Best Algorithm | Hyperparameters |
---|---|
LBFGS (Maximum Entropy) | No L2 Regularisation |
Metric | 5-fold CV | Test Set |
---|---|---|
Micro Accuracy | 0.7601 | 0.7580 |
Macro Accuracy | 0.7087 | 0.7059 |
Log Loss | 1.0966 | 1.1200 |
Summary
Micro Accuracy (overall): 75.8% of all statements are classified correctly.
Macro Accuracy (per-class average): 70.6% macro accuracy means the model’s per-class performance nearly matches its overall score, so minority classes are not neglected.
Log Loss: A log loss of 1.12 is reasonably low for a 7-class problem. It indicates the model is reasonably confident in its predictions.
Model Generalization: The very small gap between cross-validated and test set scores shows the model generalizes well and is not over-fitting.
Technical Details
Implementation
The project follows an MVC architecture and is implemented in C# using ASP.NET Core. The code is organized into the following layers:
- Controller:
- MentalHealthController.cs – Handles incoming HTTP requests and delegates processing to the service layer.
- Service:
- ISentimentAnalysisService.cs – Defines the contract for sentiment analysis operations.

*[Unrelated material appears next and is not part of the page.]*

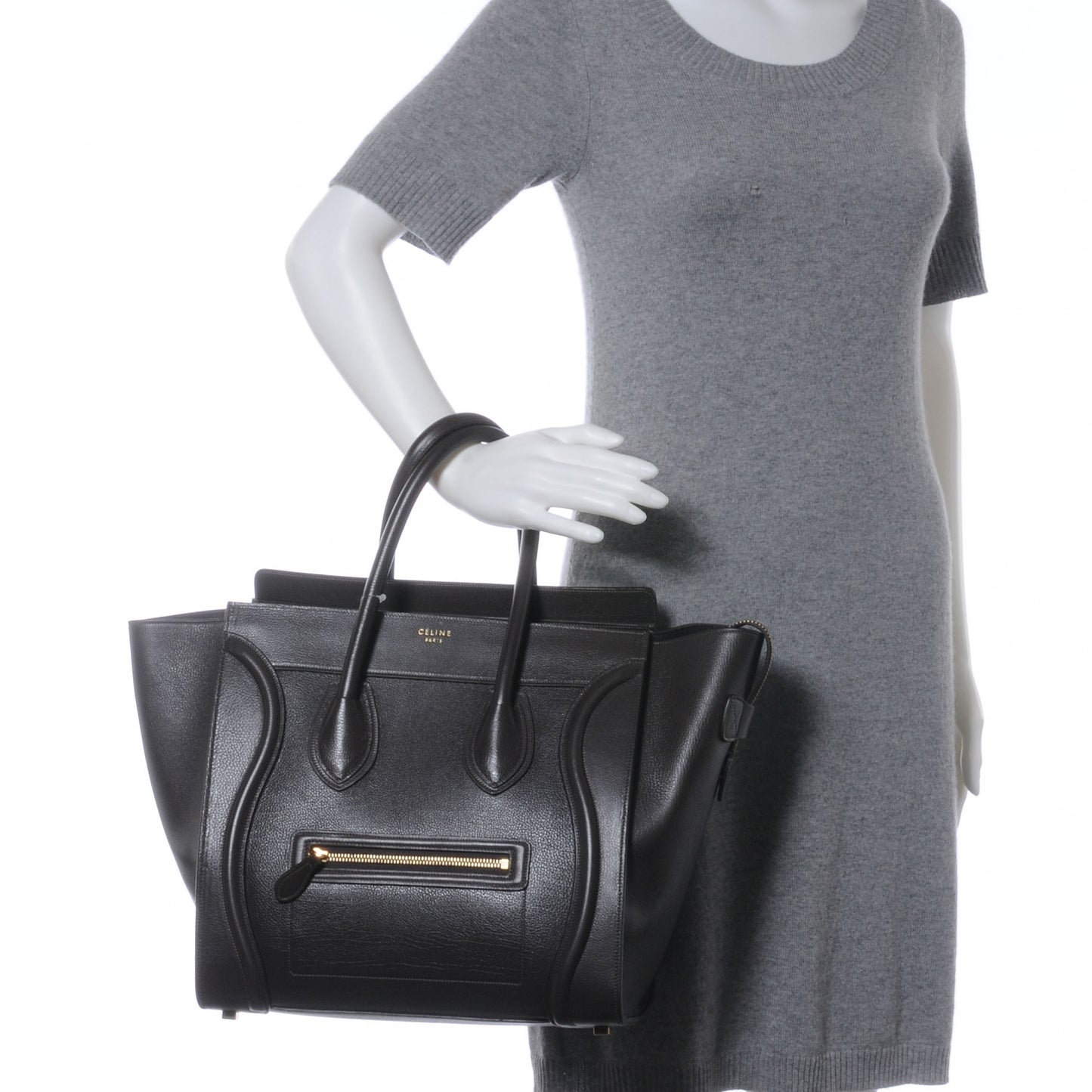 Drummed Calfskin Mini Luggage Bag Anthracite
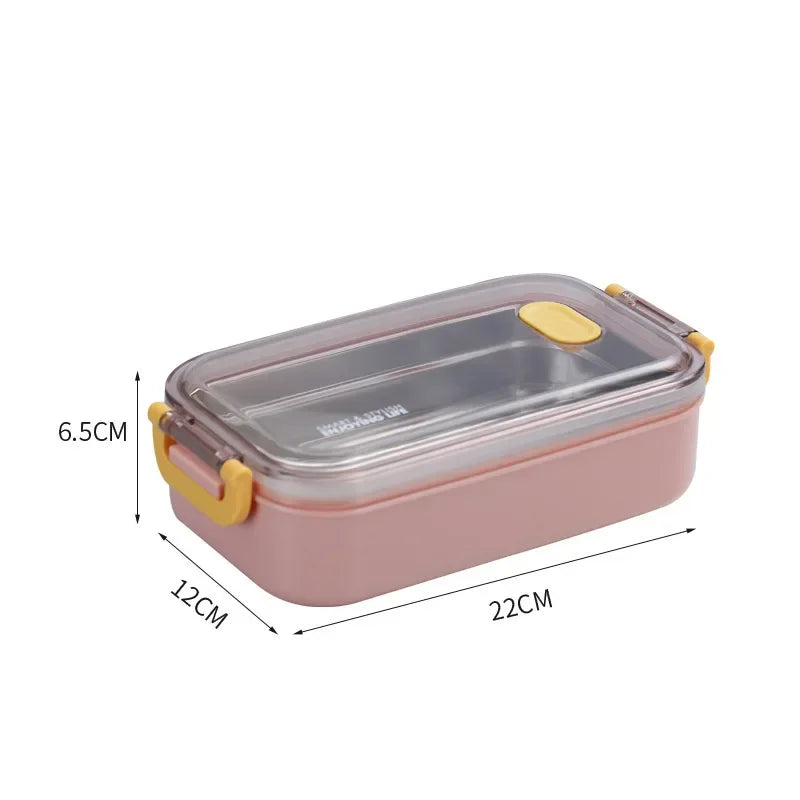 304 Stainless Steel Thermal Lunch Box Single Double Layer Bento Food Container Leakproof Office School Use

- SentimentAnalysisService.cs – Implements the logic to predict the mental health status based on the given statement.
- Model:
- MentalHealthData.cs – Represents a piece of mental health data including a statement and its corresponding status.
- MentalHealthPrediction.cs – Represents a prediction made by the ML model.
- Application Entry Point:
- Program.cs – Registers the sentiment analysis service as Scoped (one instance per HTTP request), sets up Swagger, and starts the API application.
Architecture Diagram
The following UML diagram illustrates the high-level architecture of the project:
Architecture Diagram
API Documentation
Swagger is integrated to automatically generate interactive API documentation. It enables you to test endpoints directly from your browser.
Swagger
Conclusion
The Mental Health Sentiment Analysis API demonstrates my ability to develop an end-to-end machine learning solution using C#, ML.NET and ASP.NET Core. This project highlights my object-oriented design skills as well as my understanding of machine learning processes. I have implemented a multiclass classification model to predict mental health categories based on user-submitted statements, which is loaded into a RESTful API. The API accepts a raw text statement via HTTP and returns the predicted mental health status.
For future enhancements, I would look into improve processing data. Due to time constraints, I have not had time to experiment with text processing techniques such as lemmatization and stemming or sampling techniques such as SMOTE, which are unfortunately not built into ML.NET.